Work required: Print only the lines running from the line with "Detailed illustration featuring" to the final line below, both included, exactly as written and without the pictures.

Given data:
BEGIN

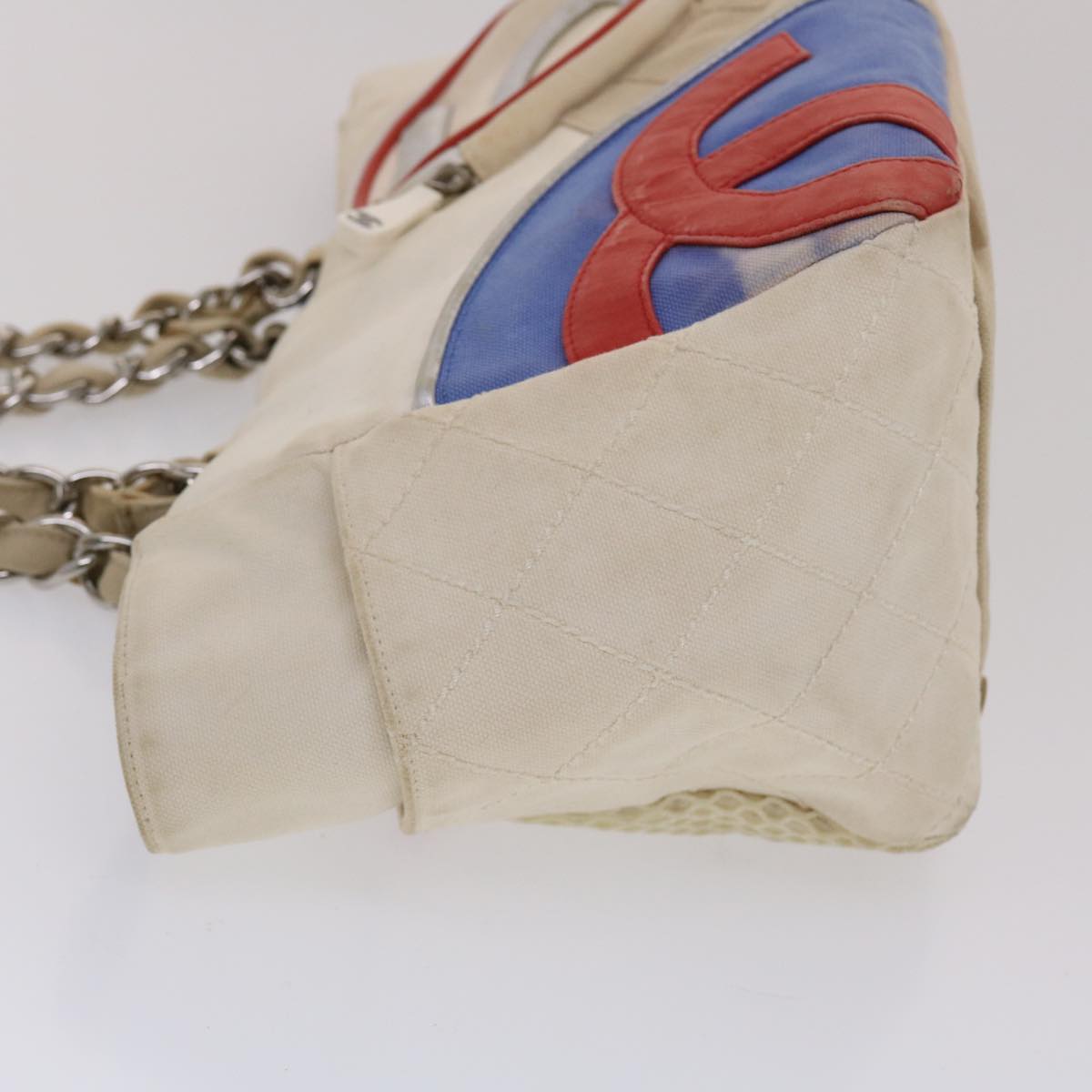 Chanel Chain Tote Bag No Canvas White CC Auth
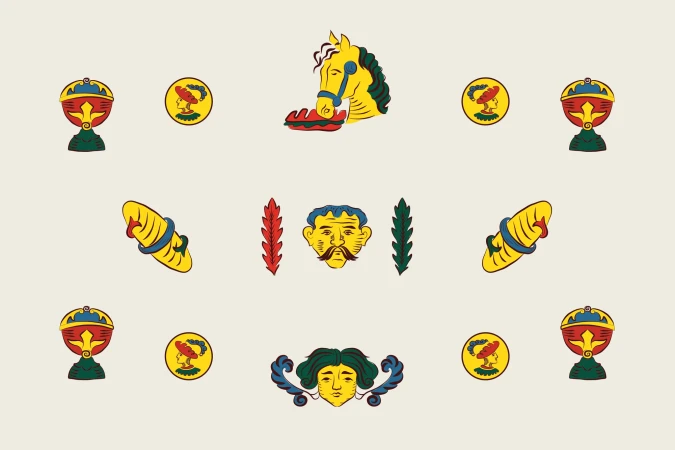 Detailed illustration featuring heraldic elements: horse head, faces, leaf motifs, and decorative objects on a cream background.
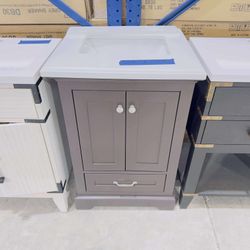 24 in Single Sink Bath Vanity in Espresso with Marble Top in White  $349 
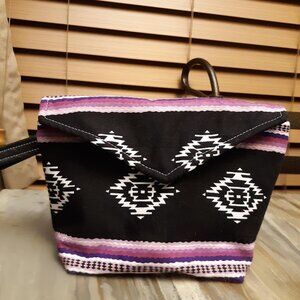 New Clutch travel make-up bag Wristlet cosmetics Southwestern Purple Black Aztec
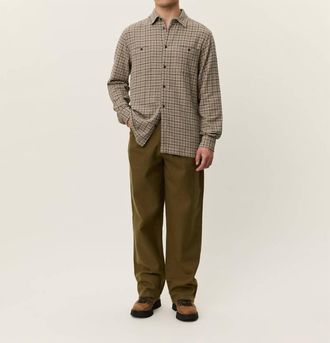 Les Deux John Check Long Sleeve Shirt In Dark Sand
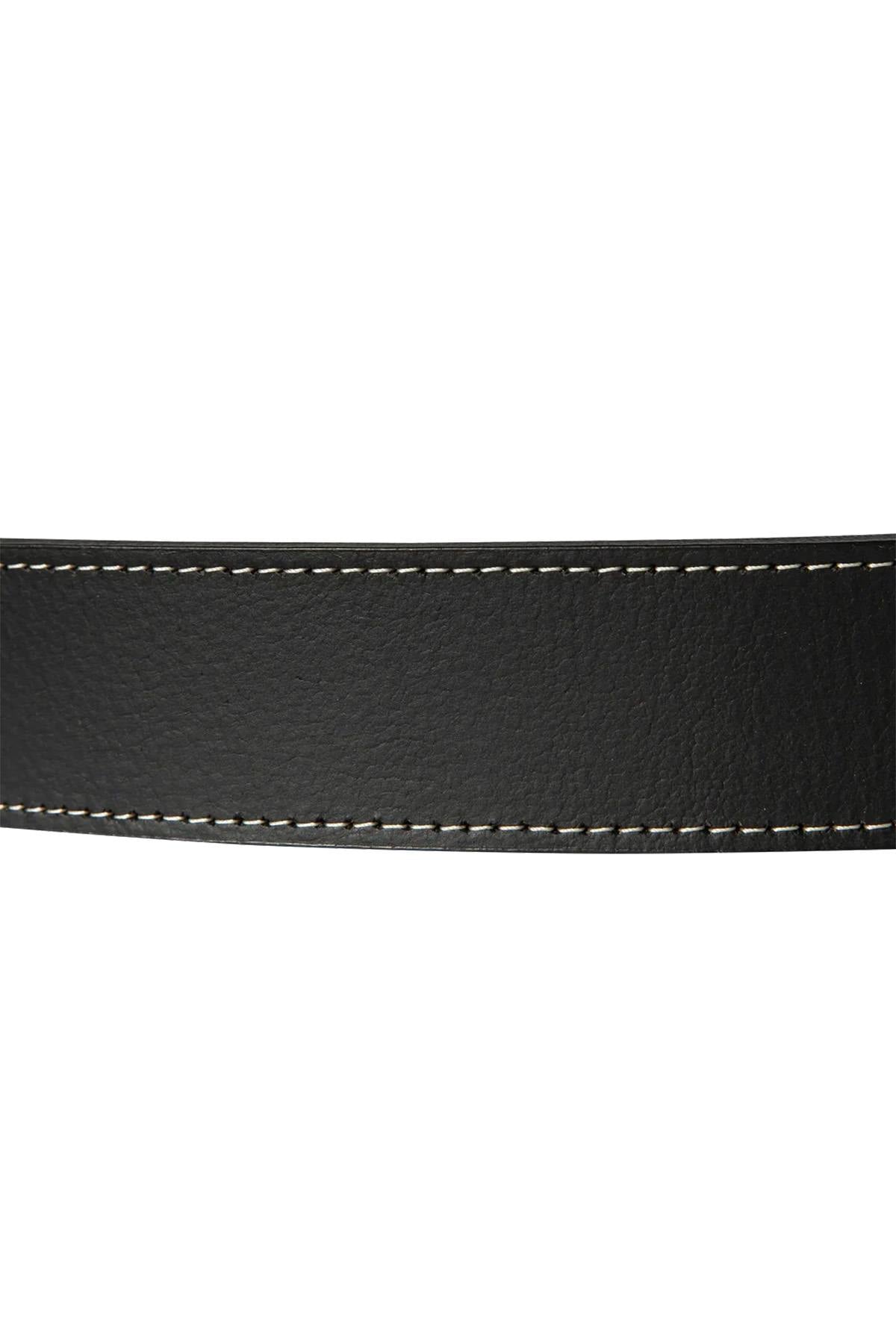Black buffalo leather belt with visible stitching - Image n°3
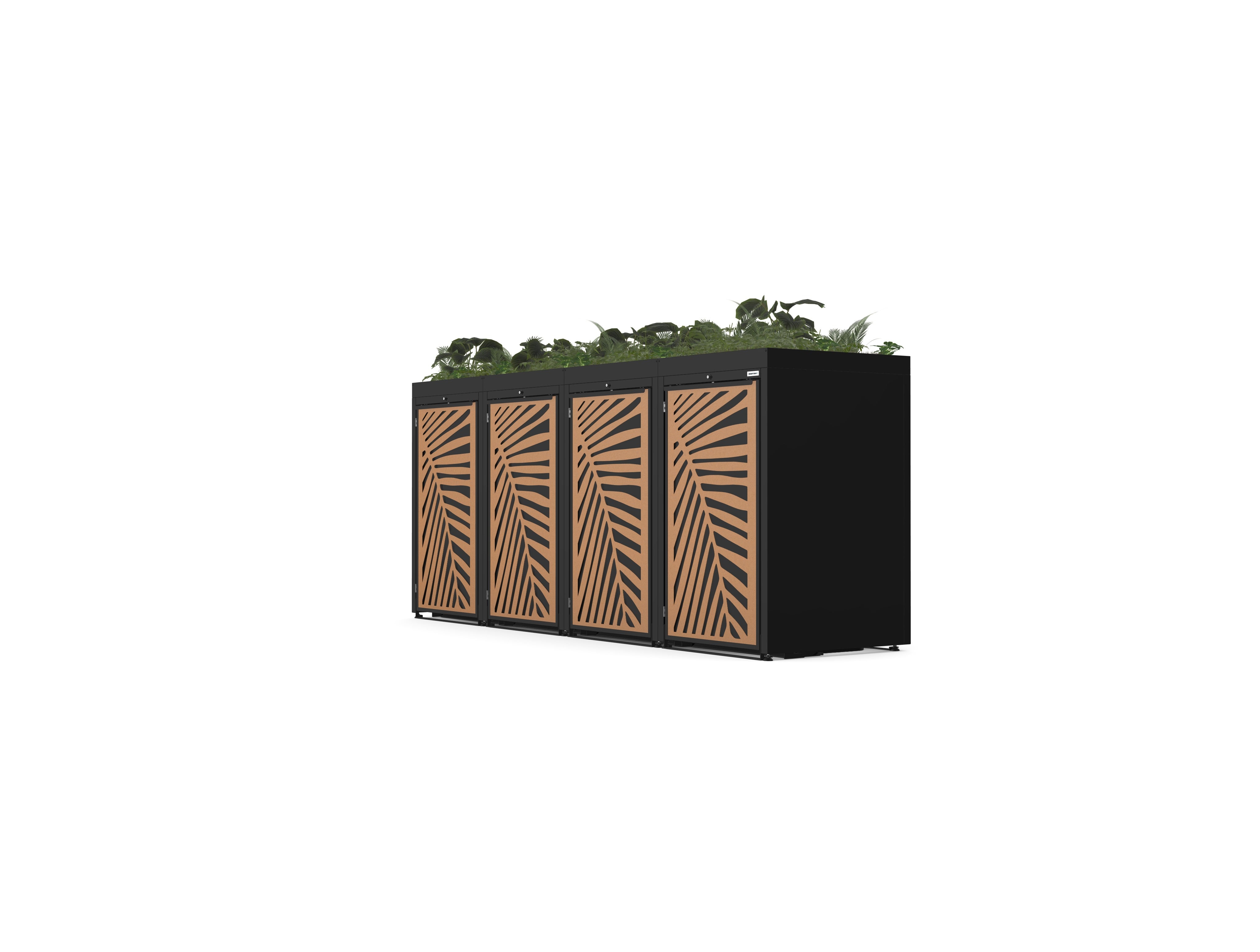 Utendørs Søppelboks Innhegninger - 4x 240 L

END

Answer below:
 Detailed illustration featuring heraldic elements: horse head, faces, leaf motifs, and decorative objects on a cream background.
 24 in Single Sink Bath Vanity in Espresso with Marble Top in White  $349 
 New Clutch travel make-up bag Wristlet cosmetics Southwestern Purple Black Aztec
 Les Deux John Check Long Sleeve Shirt In Dark Sand
Black buffalo leather belt with visible stitching - Image n°3
 Utendørs Søppelboks Innhegninger - 4x 240 L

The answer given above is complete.